A good value prop effortlessly communicates two things to a potential customer: “why you [the company]?” and “why me [the customer]?” 

The trick is that you need to have an understanding of who your ideal customers are and how to segment them, so you can speak to what really makes each group tick.

Fletch has a fabulous visual that walks through the value prop building process for B2B SaaS startups, so let’s break it down step by step, and translate it into a process you can use for B2C.

Fletch’s value prop builder. Credit: fletchpmm.com

Part 1: Customer profile definition

Identifying and defining your customer profile comes first. You could have two distinct customer profile segments, or you could have many, depending on the complexity of your product. It’s unlikely that you only have one.

Successfully running this value prop exercise requires an understanding of, or at least some educated guesses as to, your main customer profiles, as they’ll all have different needs and drivers.

This portion of the exercise corresponds with the “market segment” row of the Value Proposition Builder visual above. To translate this process for B2C, let’s take a fictional flavored electrolyte powder brand that has two distinct customer segments:

  • Fitness junkies

  • Average person who wants to make healthier choices

As this brand, you’d start by running through the value props exercise twice — once for each customer segment.

Let’s flesh out an example for the “healthy lifestyle changes” segment. Here are the questions you’ll need to answer:

  • What: What are these healthy lifestyle seekers trying to do? Meaning, what problem are they trying to solve?

  • How: How are they doing it? Meaning, what are these people doing currently to solve their problem, if they’re not aware of your product?

  • Limitation: What limitations exist with their current approach? Meaning, what’s making their ultimate goal harder, less efficient, inconvenient, or too costly to achieve?

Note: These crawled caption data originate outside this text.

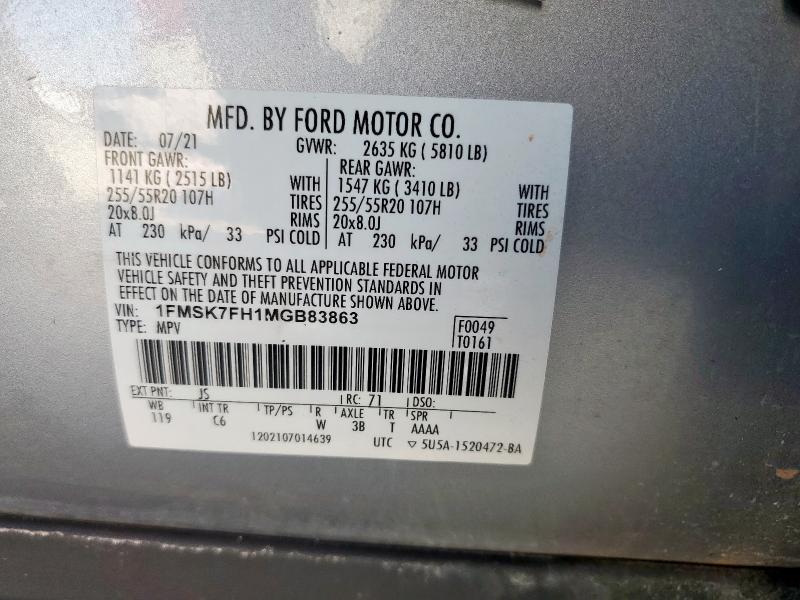 1FMSK7FH1MGB83863 - 2021 FORD EXPLORER LIMITED Gümüş foto 13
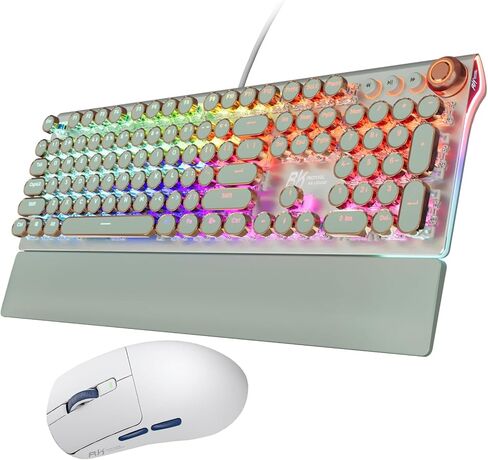 لوحة مفاتيح ميكانيكية RK ROYAL KLUDGE X108 ومجموعة ماوس M30، لوحة مفاتيح سلكية 108 مفاتيح RGB بإضاءة خلفية جانبية، ماوس ألعاب لاسلكي 24000 نقطة لكل بوصة مع 5 أزرار قابلة للبرمجة للكمبيوتر الشخصي/Mac in Saudi Arabia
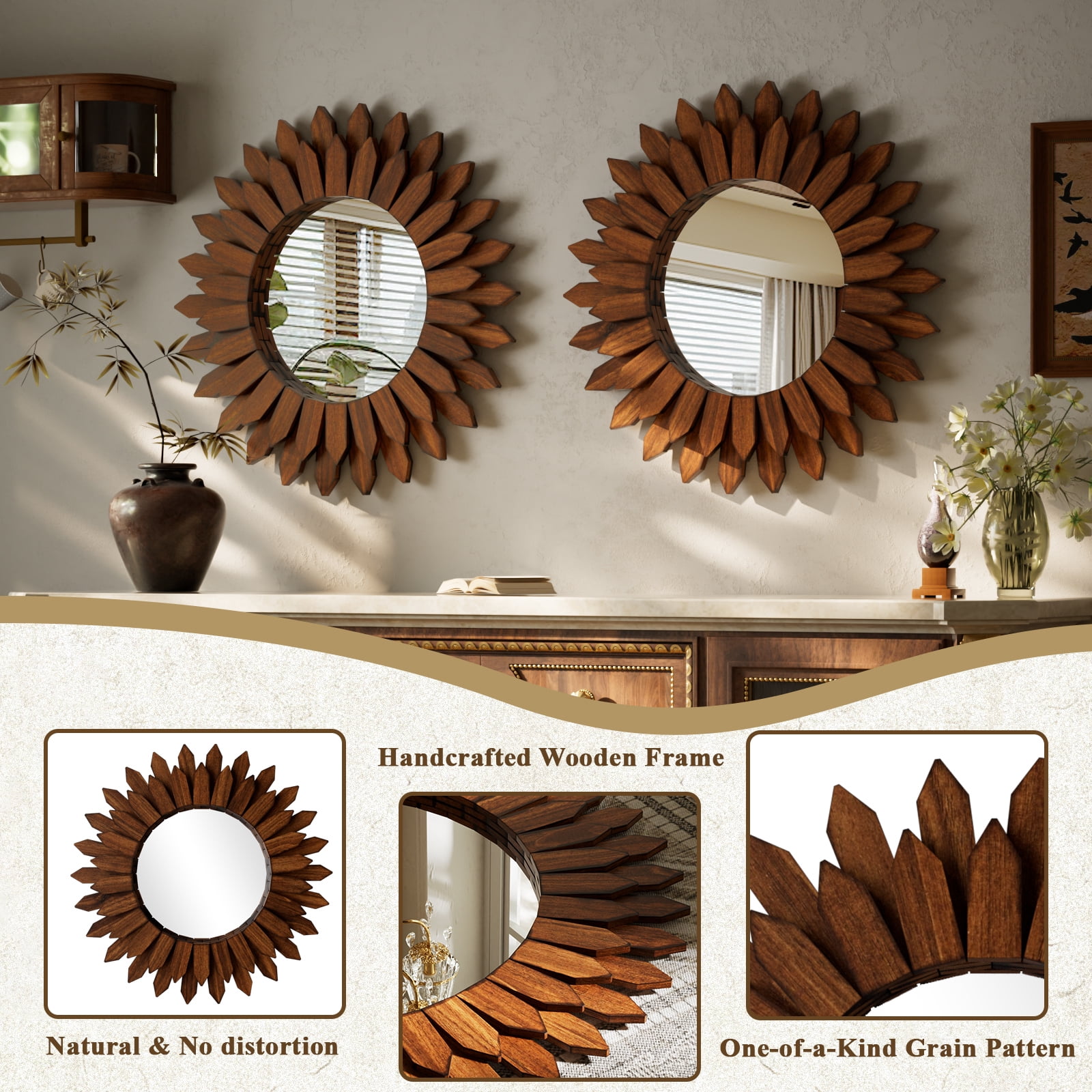 Easy4Home 20" Rustic Wood Mirror Wall Decoration Hanging Round Mirror,Dark Brown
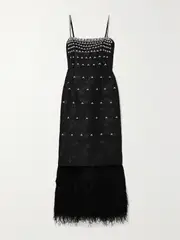 [Huishan Zhang] Huishan Zhang - Astra Feather-trimmed Crystal-embellished Cloqué Midi Dress - Black - UK 10 UK 10 Black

  • Problem: What problem do these limitations create? Meaning, how do these limitations act as a blocker toward the goal defined in the “What” step?

Here’s how answering this first block of questions might look for the healthier lifestyle choices segment:

Part 2: Product and solution explanation

Once you’ve defined your customer segment and the problem they’re having, in our case, healthier lifestyle seekers who are trying to stay more hydrated, you get to introduce your product as the solution.

This corresponds with with “Product” row of the Value Proposition Builder. At this phase, the questions you need to answer are:

  • Capability: What’s my product capable of doing? Meaning, what does my product do such that the the user segment’s limitation is removed?

  • Feature: What specific feature of my product removes that limitation?

  • Benefit: What’s the ultimate benefit to the customer of this feature?

You may discover there are multiple capabilities, features, or benefits worth mentioning. You’d then go through this exercise two or three times per customer segment, which would give you four to six value props total for two unique customer segments. This is how you unblock that messaging rut!

Here’s an example of how answering this second block of questions might look for our healthier lifestyle segment:

Putting it together

When you combine your customer profile definition with your product and solution explanation, the output is the ability to speak directly to a customer’s unique problems, needs, and desires.

Even if you’re incredibly early in your customer profile definition journey, I’d challenge you to segment out at least two distinct customer segments and run through this exercise. You’ll find unique ways of speaking to each segment, and demonstrate a true understanding of your customer, which is meaningfully more effective than trying to talk to all prospects with the same generic messaging.